Waste treatment firm New Earth Solutions is likely to enter administration unless it successfully negotiates a takeover by a European combined heat and power (CHP) developer.
New Earth Recycling & Renewables (Nerr), the infrastructure fund that finances the company, has released around £45m of the company’s debt to shareholders to allow the acquisition.
New Earth interim chief executive Gerben Nijland told MRW he was “optimistic” the deal would go ahead. The parties involved have set a deadline of 31 May for the acquisition, but Nijland indicated this could “slip a few days”.
Details of negotiations were outlined in annual reports filed to the Channel Islands Securities Exchange for New Earth Solutions Group Limited (NESGL) and New Earth Solutions Facilities Management (NESFM).
The reports said Nerr had agreed to release £18.2m worth of shareholder loans owed by NESGL and £27.5 from NESFM to facilitate a deal.
They indicated that a “developer of large CHP plants in Europe” would take full ownership of both NESGL and NESFM on acquisition of the senior debt – the level of which has not been announced. The senior debt is provided by the Co-Operative Bank and Norddeutsche Landesbank Griozentrale.
The reports added that company directors “may have no option” but to appoint administrators if the deal does not go through.
Nijland said the company, which sold its Avonmouth energy recovery facilility for just £2 last year in order to minimise its losses, has been seeking an investor for some time.
“It’s a big transaction, it really takes time to get this together,” he added. “Negotiations have been between our bankers and the third-party investor.

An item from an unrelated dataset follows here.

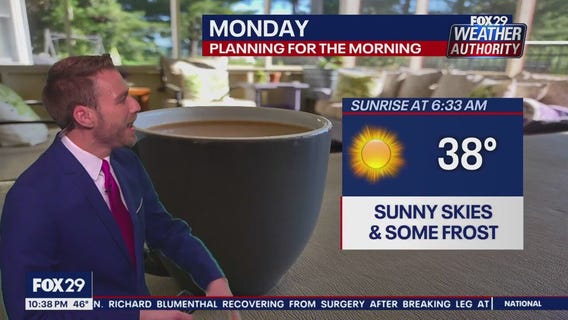 Weather Authority: 10 p.m. Sunday forecast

“At this moment I can’t give the name [of the investor]. I am optimistic the deal will be done.”
The annual reports, which cover the year to 31 January 2015, revealed a consolidated loss of £29.7m for NESGL and £27.1m for NESFM. New Earth Solutions’ overall liabilities exceeded total assets by £4.9m. The company’s woes have continued since then.
The Avonmouth plant was sold to Avonmouth Bio Power, but NESGL was retained on a 30-month contract to supply refuse-derived fuel (RDF). In December last year a fire at the facility caused problems for the supply of RDF.

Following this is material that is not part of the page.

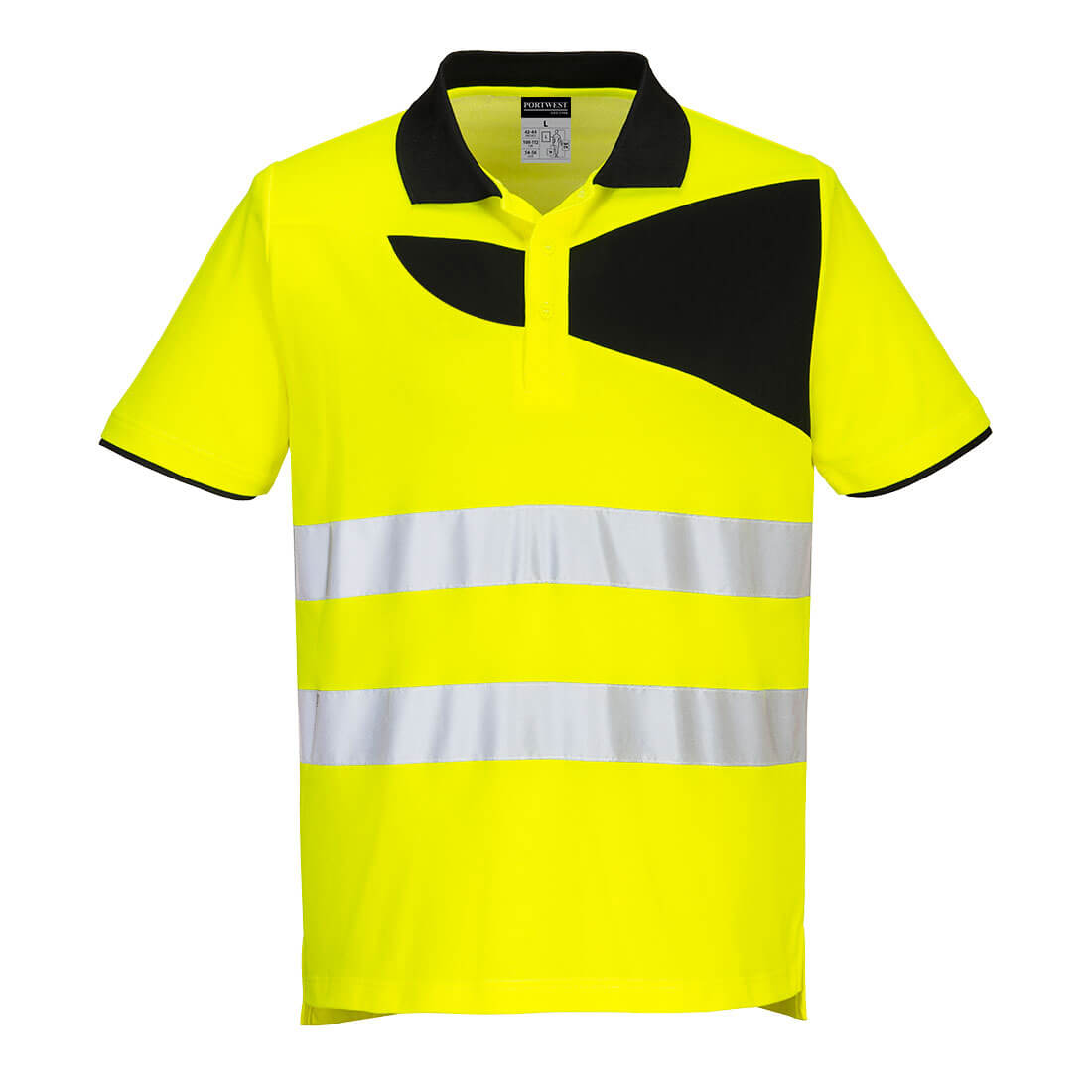 Tricou Polo Portwest PW212 PW3  Hi-Vis S/S Galben/Negru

Following an accident at NESGL’s Blaise Composting Facility in 2014, in which an employee died, NESGL is also facing a potentially large fine.
The Health and Safety Executive is prosecuting the company, and the case has been referred to Maidstone Crown Court for plea and sentencing hearings. In March this year NESGL indicated it would plead guilty, but details of the charges have not been made available.
The annual reports said the company was “unable to quantify this claim” and said that disclosing a value “would be seriously prejudicial to the interests of the company”.
Nijland said a date had not been yet been set for the court hearing.